Non-GAAP Financial Measures

Adjusted net income, Adjusted diluted EPS, EBITDA and Adjusted EBITDA
(which are shown in the reconciliations below) have been presented in
this earnings release as supplemental measures of financial performance
that are not required by, or presented in accordance with, accounting
principles generally accepted in the United States ("GAAP"). We define
Adjusted net income as net income adjusted to eliminate the impact of
certain items that we do not consider indicative of our core operating
performance and the tax effect related to those items.
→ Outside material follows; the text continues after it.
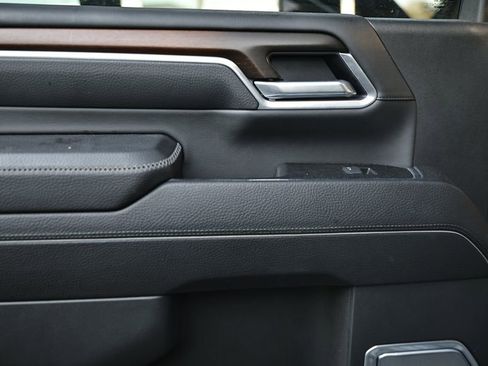 Used 2025 GMC Sierra 3500 Denali w/ Denali Reserve Package image 12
We define
Adjusted diluted EPS as adjusted net income divided by adjusted diluted
weighted average shares outstanding (i.e., the weighted average shares
outstanding during the relevant period plus the weighted average impact
of issuing shares in our initial public offering (our "IPO")). We define
EBITDA as net income before interest, loss on early extinguishment of
debt, taxes, depreciation and amortization. We define Adjusted EBITDA as
net income before interest, loss on early extinguishment of debt, taxes,
depreciation and amortization, adjusted to eliminate the impact of
certain items that we do not consider indicative of our core operating
performance. Reconciliations of these measures to the equivalent
measures under GAAP are set forth in the tables below.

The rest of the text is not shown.